Il libro di Giuliano Foschini e Carlo Bonini, giornalisti di Repubblica presentato a S. Chiara

Foggia. “Il libro si apre con l’epigrafe ‘hic sunt leones’ come davanti alla colonne d’Ercole. Sono stato qui dopo la strage di S. Marco in Lamis e ho visto qualcosa di ignoto. Parlavo con un poliziotto che mi raccontava di essere stato in altre regioni d’Italia e mi diceva ‘non sai dove sono finito’!”. Carlo Bonini, giornalista di Repubblica, illustra il libro scritto con Giuliano Foschini ‘Ti mangio il cuore, nell’abisso del Gargano’ (Ed. Feltrinelli). “Ma che cos’è quest’ignoto?” gli chiede il moderatore Giacinto Pinto: “Per capire la dimensione arcaica e psicotica di questa quarta mafia - “la bestia”, come la chiamano nel libro - si pensi a Ciavarella, al 41 bis, che sente le voci del padre dopo che si è vendicato uccidendo un’intera genia, e c’è ancora sangue che richiama altro sangue. Con questo libro abbiamo voluto guardare negli occhi, parlare al cuore della bestia. Se le cose che vivi non le sai raccontare non esistono, il libro è anche un mattoncino in più su un muro che speriamo attraversi territori liberi”.

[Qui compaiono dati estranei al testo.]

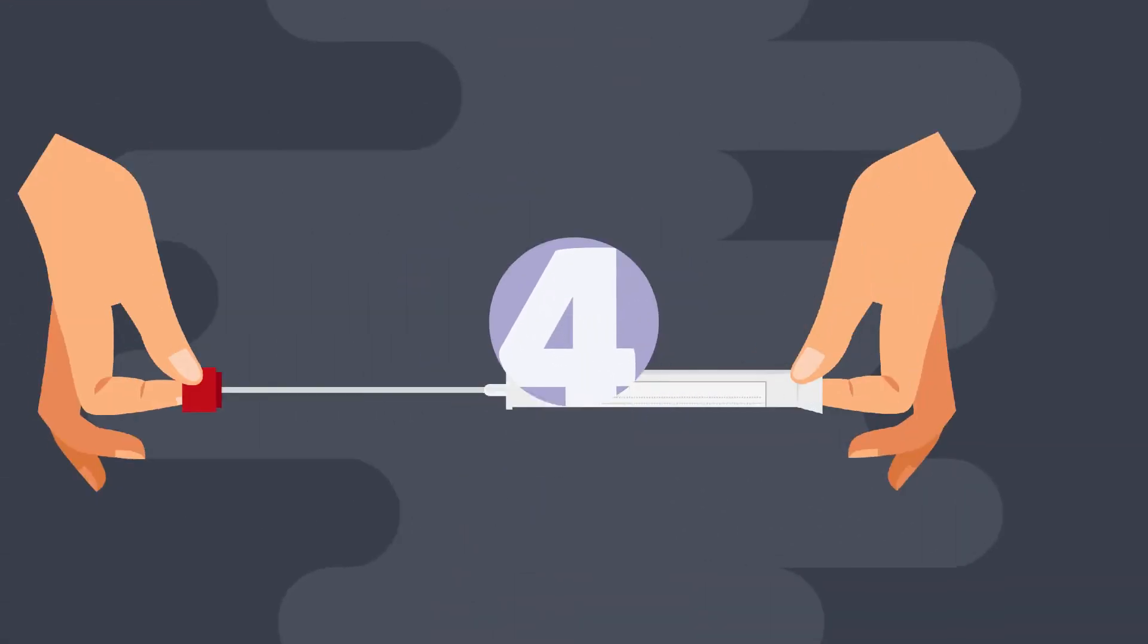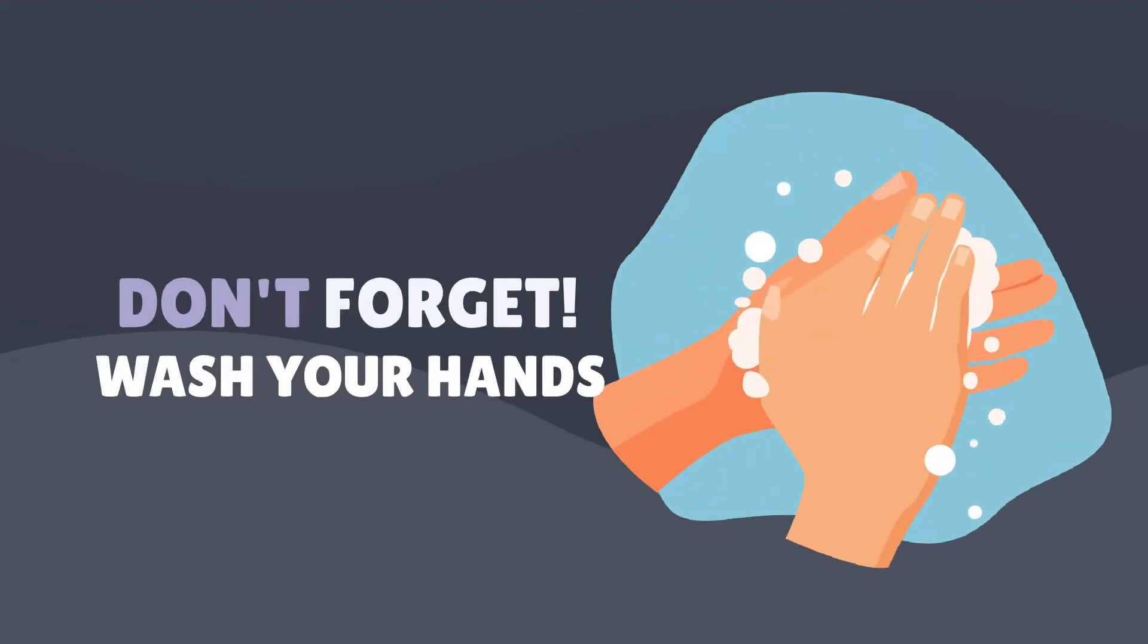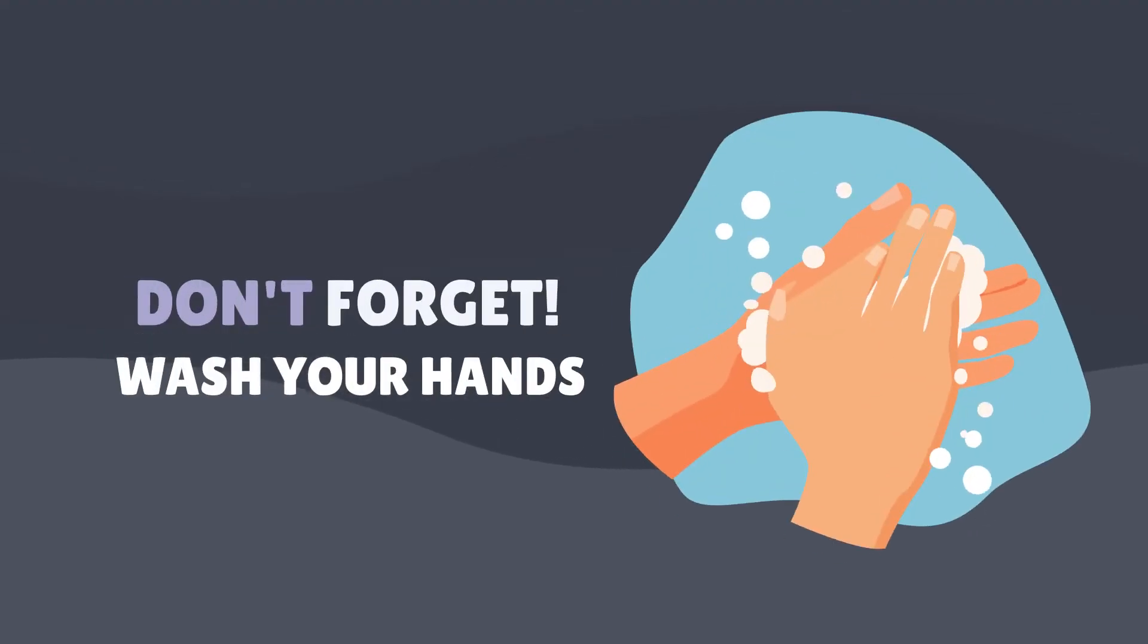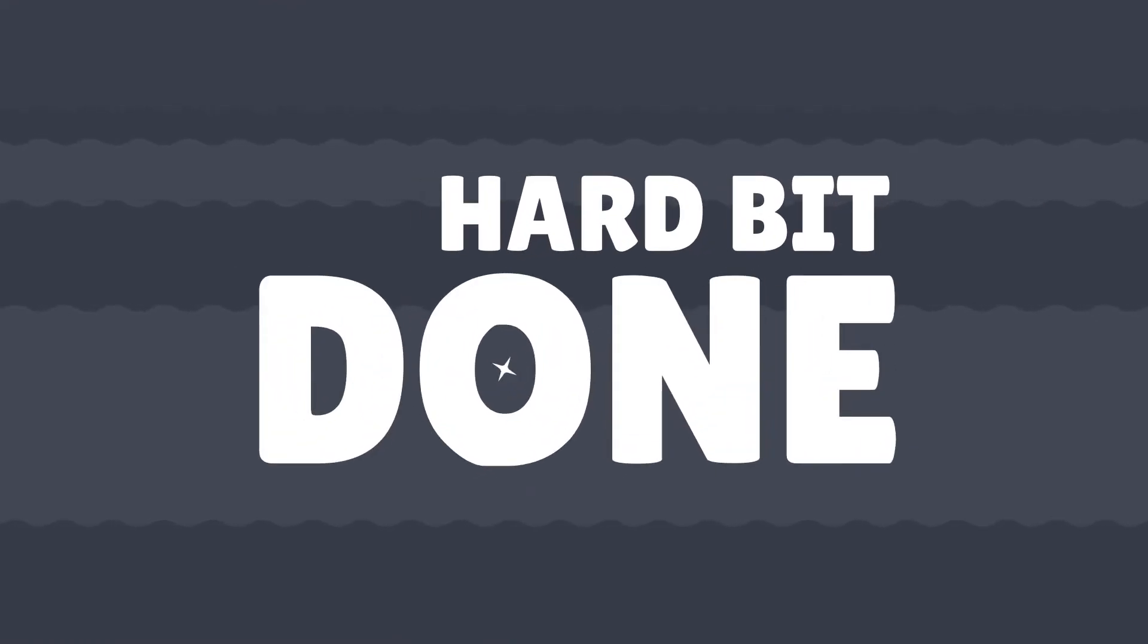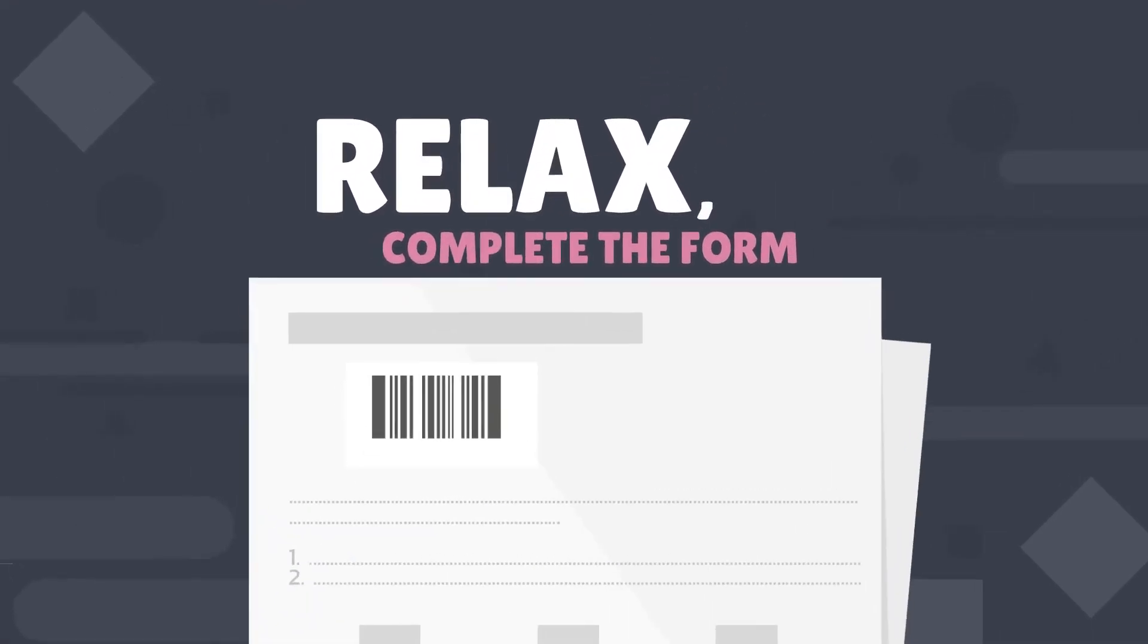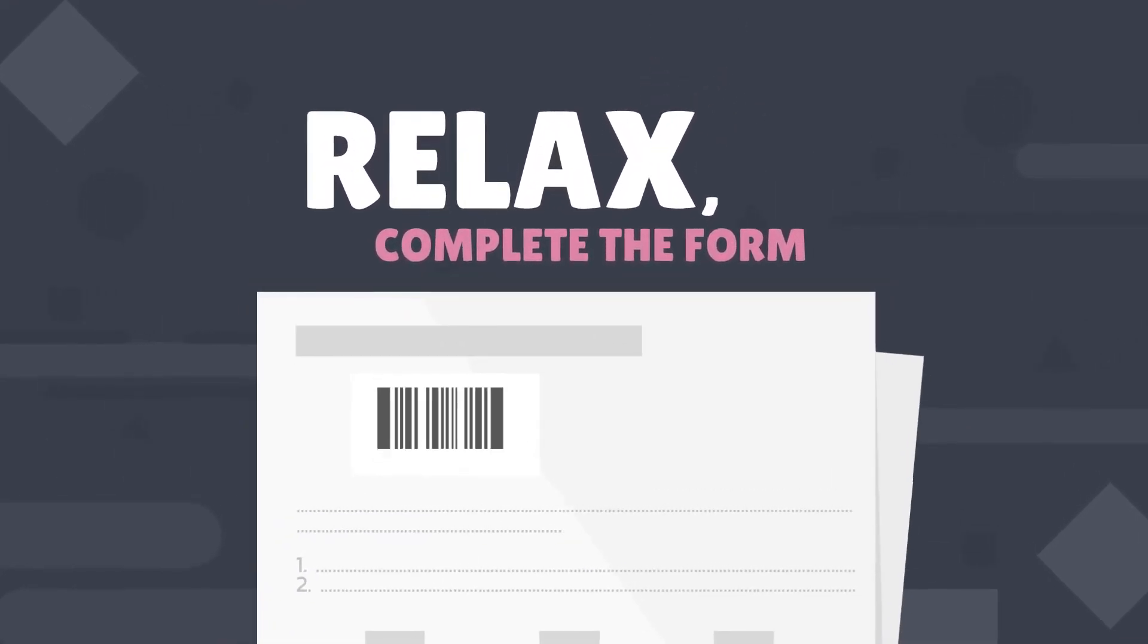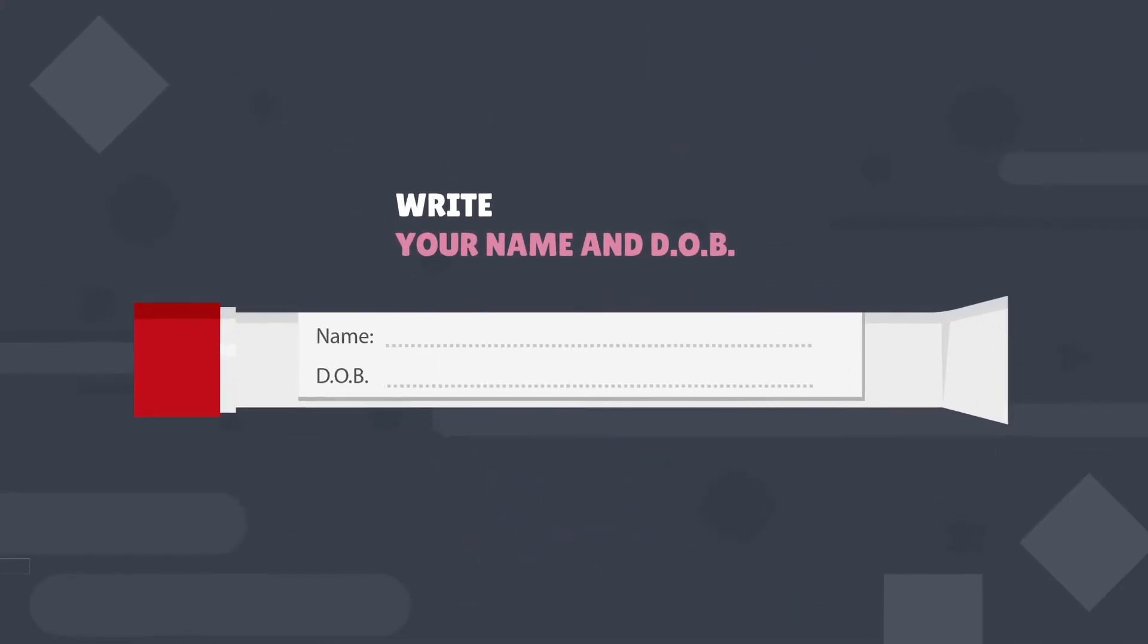Step 4: Place the used swab back in the tube and close tightly. Don't forget to wash your hands. That's the hard bit done. Now relax, complete the form you found in the kit and write your name and date of birth on the swab tube.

La mattanza della “mafia dei pastori”
Con il procuratore capo della Direzione distrettuale antimafia di Bari Giuseppe Volpe, all’incontro a S. Chiara, c’erano anche Arcangela e Marianna Luciani, vedove della strage del 9 agosto 2017. “Questa mafia trova la sua forza nel negazionismo - ha detto Foschini - più immaginata che realizzata, secondo la Corte d’assise d’appello di Bari nel 2001, una mafia di pastori la cui mattanza ha fatto decine di morti”. Il resoconto intreccia atti giudiziari inediti, testimonianze di investigatori, magistrati e vittime di questo infermo. “Ogni agosto arriva qui un ministro perché c’è qualche strage. Noi siamo lì fuori in Prefettura e aspettiamo. Abbiamo deciso che prima dell’estate qualcosa dovevamo scrivere, un libro serve perché non accada più quello che è successo rompendo con la coazione, la coercizione a ripetere”.



La mafia che era ignorata
Tanti anni di morti, di stragi, da quella del Bacardi alle vittime delle pallottole vaganti, eppure, ad agosto 2017 si scopre che questa mafia esiste: “E’ stata ignorata per molto tempo dai media - ha osservato Volpe - e anche dalla magistratura. Ricordo un processo per estorsione in cui le parti offese si costituirono in associazione antiracket e ogni giorno seguivano il processo arrivando in pullman da Vieste a Foggia. Nella sentenza si scrisse che questa associazione non venne fatta per il principio di legalità ma per condizionare i giudici”.
Mafia ignorata, sottovalutata, ma adesso di vacanze sul Gargano non ne fanno alla Direzione distrettuale antimafia di Bari. Così scrivono sul finale di questo racconto.

Gatti: “La mafia antica e moderna”
Giuseppe Gatti, pm della Dda di Bari, descrive la sua stessa incredulità, pur essendo barese, quando arrivò al pool omicidi dopo Urbino: “In pochi mesi decine di morti, in Foresta Umbra, a Cerignola, sui tornanti fra Vieste e Mattinata. Proprio qui? Mi chiedevo. Questa è una mafia che isola, che mescola familismo e tradizione, la cui logica è cancellare non solo la vita ma il volto perché spara sulla faccia. E’ moderna, crea network con il narcotraffico albanese, dialoga con i colombiani ad Amsterdam, si infiltra nelle pubbliche amministrazioni, lavora con l’agro-mafia, il traffico dei rifiuti, ha un’incredibile capacità di penetrazione. Il pizzo si fattura, l’estorsione viene ormai pagata legalmente e all’imprenditore chiedono il 3% dopo aver costituito un consorzio. Si può vincere, può avere fine, si fonda sulla logica dell’io, della distruzione, della morte. Alla Direzione distrettuale antimafia si impara a lavorare in squadra, dobbiamo contrapporle il ‘noi’ anche se ognuno deve fare la sua parte”.


Arcangela e Marianna “sorelle nella lotta”
Arcangela e Marianna, le due vedove Luciani, “ci hanno fatto cambiare il punto di vista, sono lucide, straordinarie, calme e poi lanciano parole che sono fendenti” dice Foschini. Se avessi gli assassini davanti a te, cosa gli diresti? chiede Pinto ad Arcangela: “Direi che non è più il tempo di tacere, che è stato versato troppo sangue. Io non provo rabbia, la rabbia è già un sentimento, il mio pensiero è solo per mio marito che quel giorno ha avuto l’unica colpa di andare al lavoro invece di andare al mare”. Erano cognate, sono diventate “sorelle nella lotta” e non si sentono sole: “Vicino a noi c’è tantissima gente, ci sono i magistrati, le forze dell’ordine”.
Nei clan di una mafia che non ha nome, arcaica e feroce, dal dopoguerra ad oggi si conta un solo pentito. Fra il 2017 e il 2018, nella provincia di Foggia, ha fatto registrare la media di un omicidio a settimana, una rapina al giorno, un’estorsione ogni 48 ore. Così si legge nella prima pagina del libro.